» WORK REQUIRED
The lines to extract run from the start of the records through the line with "Art Deco Silver, Onyx", both ends included; drop the pictures.

Source data:

---

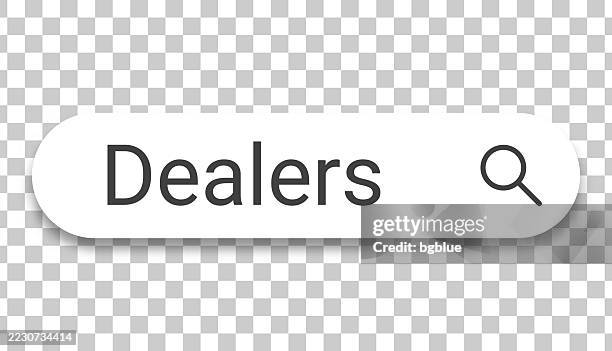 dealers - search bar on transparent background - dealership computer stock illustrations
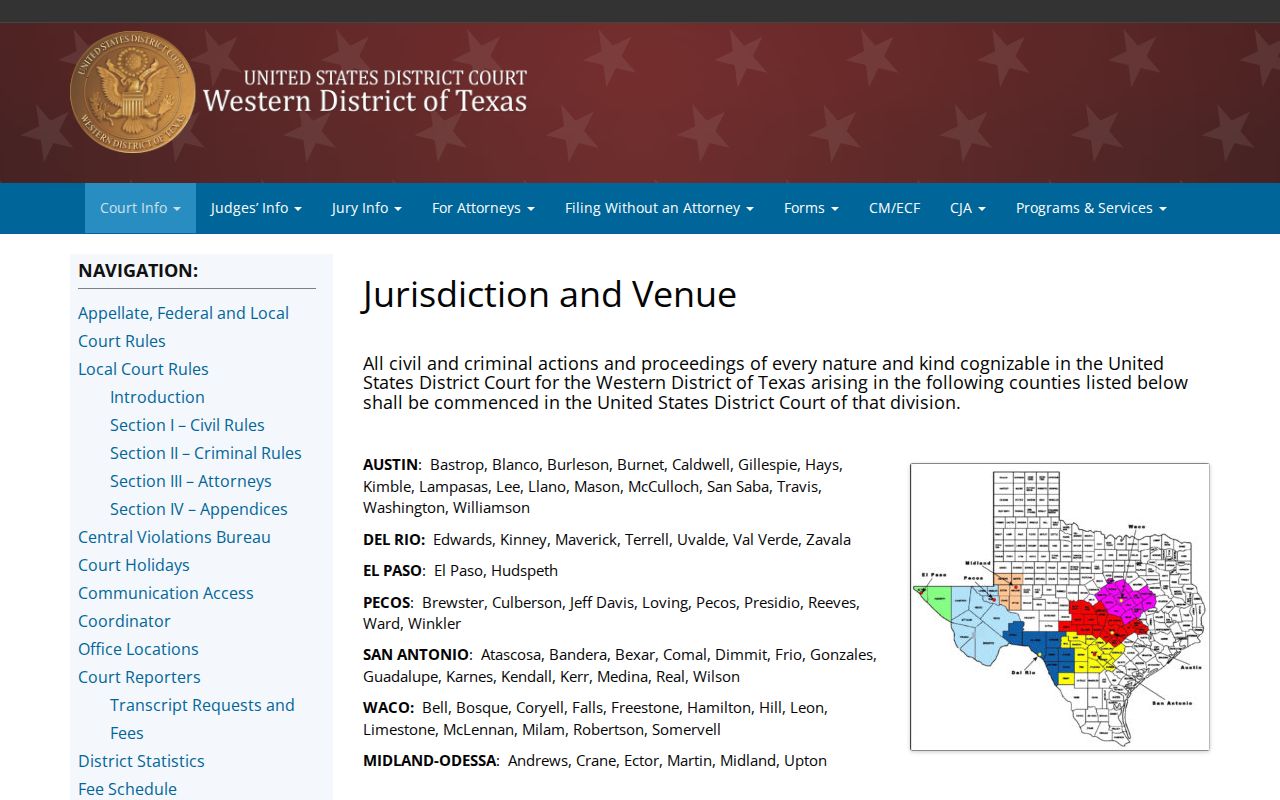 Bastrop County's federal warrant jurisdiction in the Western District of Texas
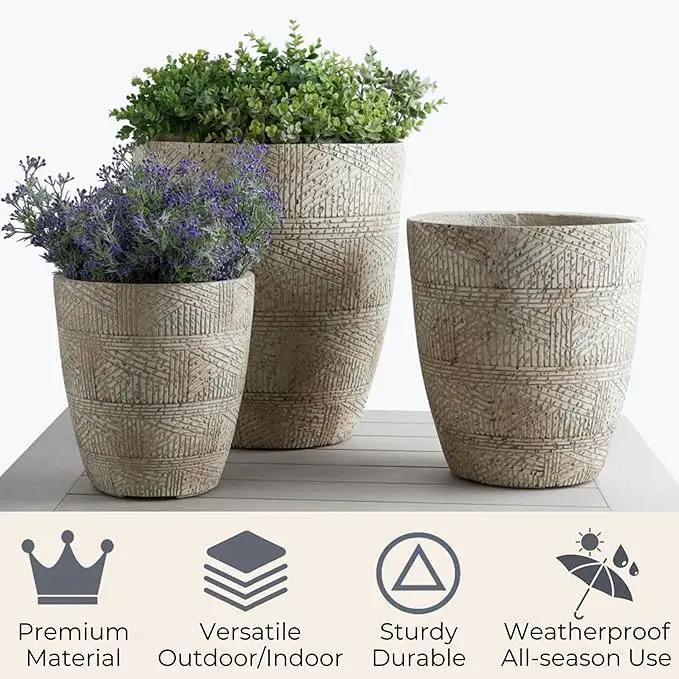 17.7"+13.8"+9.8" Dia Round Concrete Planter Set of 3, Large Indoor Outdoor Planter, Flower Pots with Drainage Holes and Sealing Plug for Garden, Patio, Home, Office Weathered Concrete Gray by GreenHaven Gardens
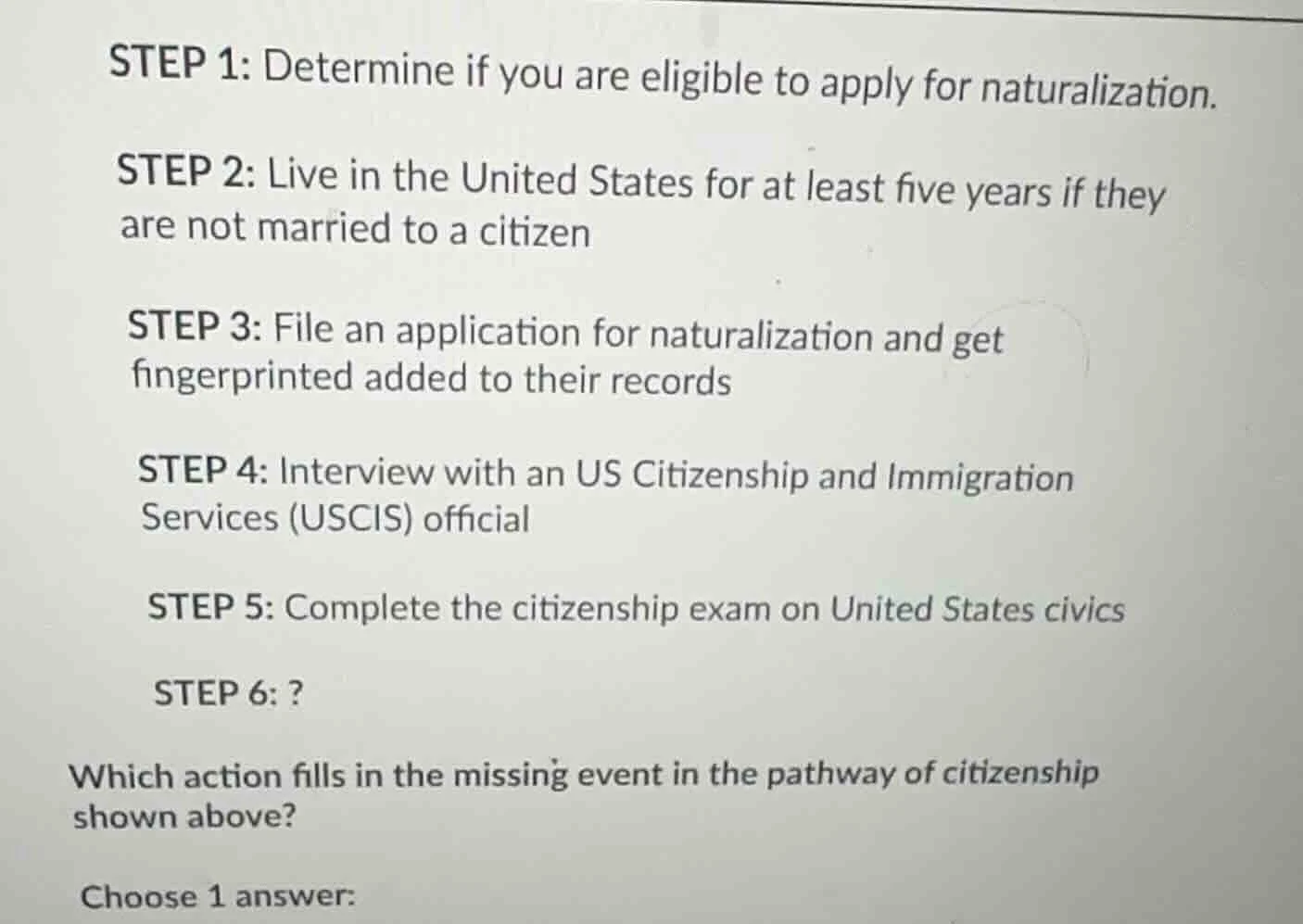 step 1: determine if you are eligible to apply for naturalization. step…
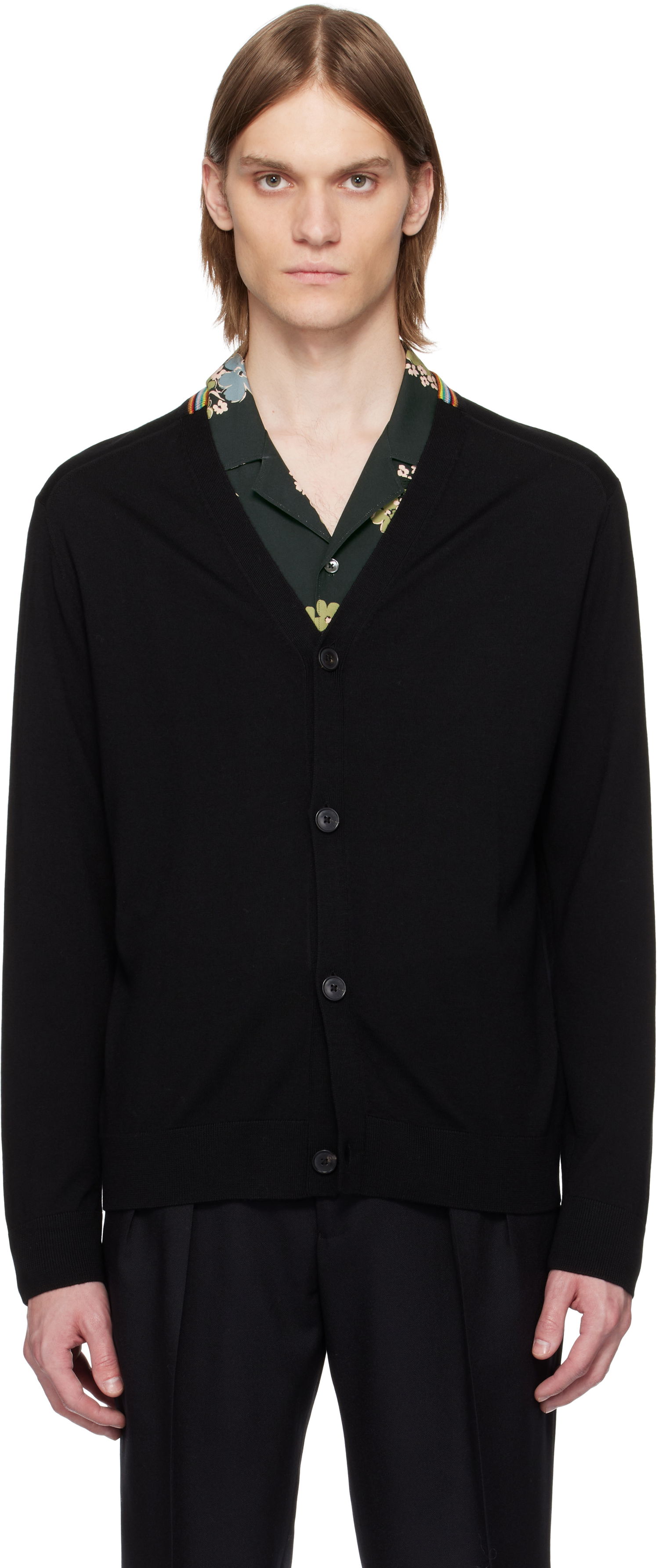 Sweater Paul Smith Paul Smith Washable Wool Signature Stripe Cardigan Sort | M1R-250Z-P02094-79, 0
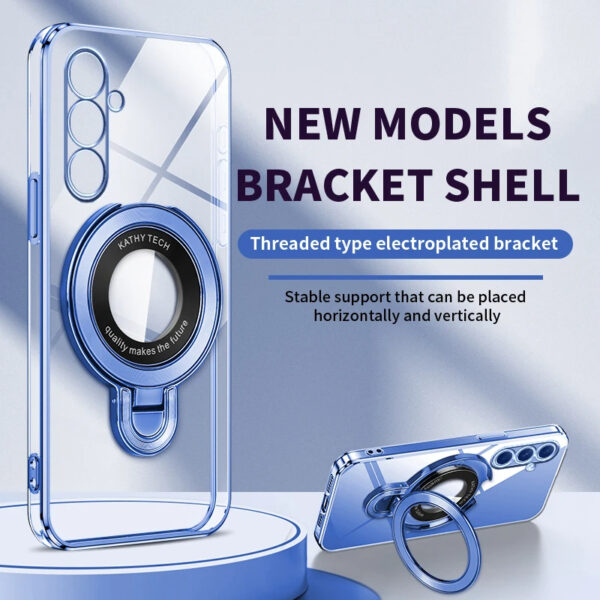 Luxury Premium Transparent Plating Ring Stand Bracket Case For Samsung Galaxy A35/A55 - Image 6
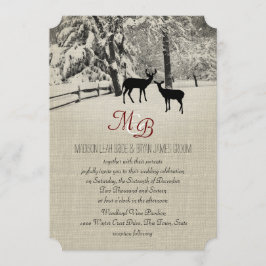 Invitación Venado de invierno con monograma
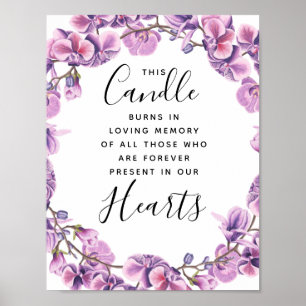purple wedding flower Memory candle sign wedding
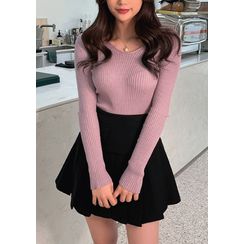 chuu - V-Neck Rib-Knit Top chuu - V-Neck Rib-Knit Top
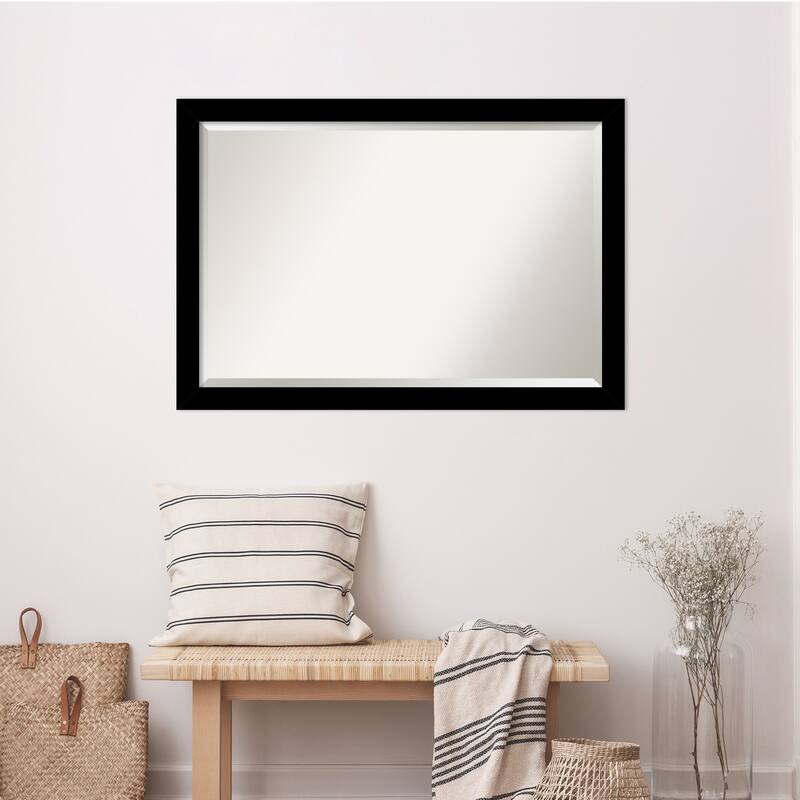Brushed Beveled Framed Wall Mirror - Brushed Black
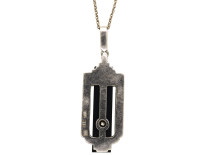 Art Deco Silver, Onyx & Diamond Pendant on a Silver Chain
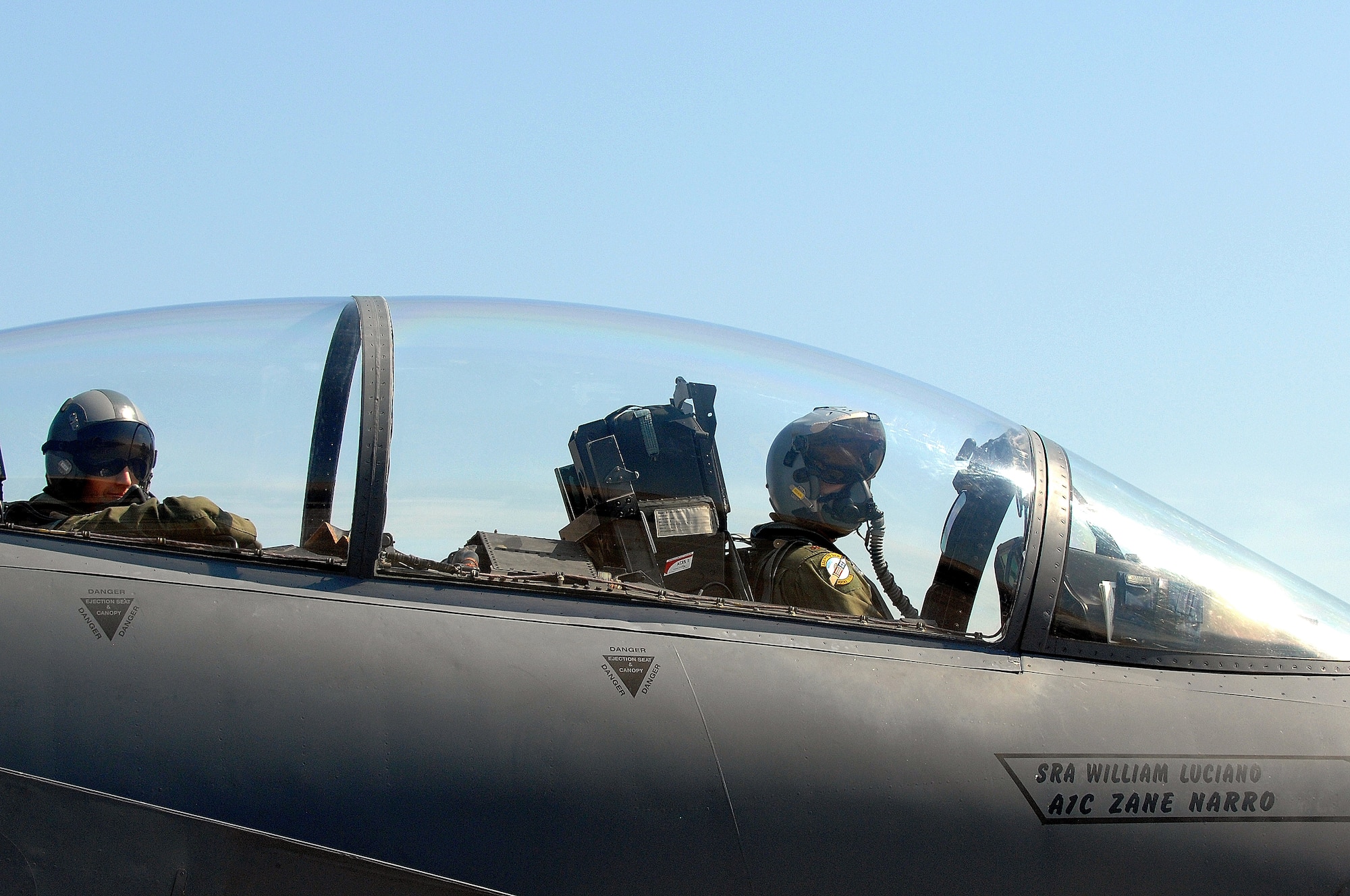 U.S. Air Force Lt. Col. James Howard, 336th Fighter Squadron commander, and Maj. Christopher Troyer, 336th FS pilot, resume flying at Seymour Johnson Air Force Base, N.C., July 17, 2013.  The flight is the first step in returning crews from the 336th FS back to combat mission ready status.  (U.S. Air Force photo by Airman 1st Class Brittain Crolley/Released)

---

» TASK ANSWER
 dealers - search bar on transparent background - dealership computer stock illustrations
 Bastrop County's federal warrant jurisdiction in the Western District of Texas
 17.7"+13.8"+9.8" Dia Round Concrete Planter Set of 3, Large Indoor Outdoor Planter, Flower Pots with Drainage Holes and Sealing Plug for Garden, Patio, Home, Office Weathered Concrete Gray by GreenHaven Gardens
 step 1: determine if you are eligible to apply for naturalization. step…
 Sweater Paul Smith Paul Smith Washable Wool Signature Stripe Cardigan Sort | M1R-250Z-P02094-79, 0
 Luxury Premium Transparent Plating Ring Stand Bracket Case For Samsung Galaxy A35/A55 - Image 6
 Invitación Venado de invierno con monograma
purple wedding flower Memory candle sign wedding
 chuu - V-Neck Rib-Knit Top chuu - V-Neck Rib-Knit Top
Brushed Beveled Framed Wall Mirror - Brushed Black
 Art Deco Silver, Onyx & Diamond Pendant on a Silver Chain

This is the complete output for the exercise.